Construction has always been a three-dimensional activity. While the representation of the intent of construction has been liberated "virtually" into 3D digital models and rotatable 3D representations, accurate physical representations of design intent have been achieved, until only recently, either through the artistry and skill of a scale model-builder or by building full-scale mock-ups of the ideas captured by the design documentation.
But now 3D digital printing offers a third way to go from intent to reality. Like ink-jet printers, 3D printers deposit fine particles on a surface but then keep adding more passes and layers, bonding together the particles with various agents so that, guided by a 3D design file, they accumulate and rise into solid shapes. The process also is referred to as "additive printing." A 3D model printed from a digital design file may be the truest representation that can be achieved of the intended geometry. Unlike actual construction, the model is driven directly from the digital design file, with no teams of trades involved. "There is nothing that has quite the same impact as putting a physical object in front of people that they can touch and turn around," says James P. Barrett, head of integrated building solutions at Turner Construction.
Owners are starting to get that. So are stakeholders and constituents, architects, engineers and subs. Well-made, digitally printed 3D models have authority, and they can have more than a little job-winning charm, too, as some successful bidders have found. For many clients, the models convey a sense of physical relationships that are often difficult to understand from traditional representations. "They see the model, and they just get it," says Barrett. "Virtual is great, but there has to be a physical product—from bytes to atoms."
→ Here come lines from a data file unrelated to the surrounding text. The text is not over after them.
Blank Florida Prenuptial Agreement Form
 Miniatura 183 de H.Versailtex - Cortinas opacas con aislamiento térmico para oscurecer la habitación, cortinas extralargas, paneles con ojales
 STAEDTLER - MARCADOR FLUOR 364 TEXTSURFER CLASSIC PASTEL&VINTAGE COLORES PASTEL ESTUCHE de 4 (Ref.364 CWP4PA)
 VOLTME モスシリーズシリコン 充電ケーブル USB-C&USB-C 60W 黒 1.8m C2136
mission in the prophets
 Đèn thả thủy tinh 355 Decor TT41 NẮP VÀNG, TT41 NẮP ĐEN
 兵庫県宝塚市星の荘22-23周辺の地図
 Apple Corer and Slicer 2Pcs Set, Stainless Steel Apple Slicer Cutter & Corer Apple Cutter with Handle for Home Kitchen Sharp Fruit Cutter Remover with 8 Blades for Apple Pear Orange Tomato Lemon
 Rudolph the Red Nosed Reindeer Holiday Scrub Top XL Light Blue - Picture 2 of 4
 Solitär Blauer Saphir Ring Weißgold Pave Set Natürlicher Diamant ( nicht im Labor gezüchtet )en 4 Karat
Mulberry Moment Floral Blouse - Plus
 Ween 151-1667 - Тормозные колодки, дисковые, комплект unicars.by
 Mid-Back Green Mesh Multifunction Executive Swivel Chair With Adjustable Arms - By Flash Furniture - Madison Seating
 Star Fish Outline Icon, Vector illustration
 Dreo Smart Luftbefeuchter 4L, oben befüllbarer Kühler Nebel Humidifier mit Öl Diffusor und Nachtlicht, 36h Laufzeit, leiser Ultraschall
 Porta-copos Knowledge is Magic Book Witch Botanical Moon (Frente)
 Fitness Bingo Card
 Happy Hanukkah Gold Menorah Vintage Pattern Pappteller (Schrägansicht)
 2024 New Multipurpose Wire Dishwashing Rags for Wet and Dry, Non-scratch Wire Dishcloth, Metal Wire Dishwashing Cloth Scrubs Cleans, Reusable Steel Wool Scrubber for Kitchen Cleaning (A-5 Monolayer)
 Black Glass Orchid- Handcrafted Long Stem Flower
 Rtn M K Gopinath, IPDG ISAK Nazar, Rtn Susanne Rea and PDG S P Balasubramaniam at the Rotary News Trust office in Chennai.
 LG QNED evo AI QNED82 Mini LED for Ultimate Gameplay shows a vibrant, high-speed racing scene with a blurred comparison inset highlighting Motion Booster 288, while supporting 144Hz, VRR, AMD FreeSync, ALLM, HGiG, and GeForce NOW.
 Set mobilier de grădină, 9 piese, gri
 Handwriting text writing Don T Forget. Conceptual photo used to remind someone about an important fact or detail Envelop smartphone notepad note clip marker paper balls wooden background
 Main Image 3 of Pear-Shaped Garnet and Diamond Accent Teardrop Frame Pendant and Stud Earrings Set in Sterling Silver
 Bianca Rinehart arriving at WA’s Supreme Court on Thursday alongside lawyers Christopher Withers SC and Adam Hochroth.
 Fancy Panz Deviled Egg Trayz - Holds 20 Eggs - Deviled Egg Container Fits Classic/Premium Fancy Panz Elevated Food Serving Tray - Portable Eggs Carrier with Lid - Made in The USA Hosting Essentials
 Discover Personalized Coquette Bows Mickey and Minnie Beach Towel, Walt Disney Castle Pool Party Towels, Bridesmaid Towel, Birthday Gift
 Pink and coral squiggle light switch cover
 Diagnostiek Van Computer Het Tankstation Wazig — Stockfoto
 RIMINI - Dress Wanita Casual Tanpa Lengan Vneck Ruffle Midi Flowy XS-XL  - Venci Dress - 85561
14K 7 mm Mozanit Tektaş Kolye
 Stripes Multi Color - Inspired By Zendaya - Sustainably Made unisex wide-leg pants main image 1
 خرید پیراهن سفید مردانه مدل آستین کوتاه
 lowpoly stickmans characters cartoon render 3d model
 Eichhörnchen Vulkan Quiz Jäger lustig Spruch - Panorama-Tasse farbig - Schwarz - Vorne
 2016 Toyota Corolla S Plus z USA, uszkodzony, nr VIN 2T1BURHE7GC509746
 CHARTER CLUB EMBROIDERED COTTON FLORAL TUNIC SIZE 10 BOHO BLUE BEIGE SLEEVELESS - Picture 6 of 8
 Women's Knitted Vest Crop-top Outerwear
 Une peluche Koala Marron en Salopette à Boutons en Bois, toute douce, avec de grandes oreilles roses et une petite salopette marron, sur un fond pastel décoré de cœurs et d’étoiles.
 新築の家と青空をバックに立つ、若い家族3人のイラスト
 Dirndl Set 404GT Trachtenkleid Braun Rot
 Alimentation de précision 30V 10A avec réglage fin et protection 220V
Not only is 3D printing catching on in the market, it is rapidly improving in terms of production speed, materials options, binding agents and scale. But it is the latter that really catches most people's imagination.
Scaling up 3D printing is the subject of research for Behrokh Khoshnevis, professor of industrial and systems engineering and civil and environmental engineering at the University of Southern California, in collaboration with scientists at the National Atmospheric and Space Administration.
Khoshnevis serves as the director of the university's Center for Rapid Automated Fabrication Technologies. While working to scale up a computer-guided, rolling-gantry-driven printer system to extrude extremely low-slump concrete according to digital model plans to print buildings, he found himself presenting at the same conference with NASA researchers who were developing technology to build on the Moon and Mars. They have been collaborating ever since.
Khoshnevis was the inventor of a lot of these large-scale printing processes, says Philip T. Metzger, a NASA physicist and manager of its Granular Mechanics and Regolith Operations Laboratory. "We want to adopt what he is doing, along with any solutions we develop, to use existing materials to make concrete on Mars and the Moon," Metzger says. One option is to "laser-sinter the soil without any binder. You heat it almost to the point of melting, and the grains become a little bit soft and weld together. That could save several billion dollars," he says.
Khoshnevis originally was looking at building structures, but building landing pads also is vitally important. "You really can't land a 40- to 50-ton spacecraft on Mars without building a landing pad first. That's the only way of putting humans safely on Mars," Metzger adds.
Khoshnevis' technology would let NASA do just that. "You could have a small vehicle put the robot printer on Mars and another digger that would go get dirt, and they would build for maybe a year," Metzger says. He envisions fitting Khoshnevis' printers with interchangeable heads to switch between sintering, sulpher-based or hydraulic concrete printing.
In addition to the NASA research, Khoshnevis also is doing work on earth-bound printing that he does not have permission to publicize, but he says the goal is to work out all the details for the process from end to end to create a fully reliable system before commercializing it, much less sending it into outer space.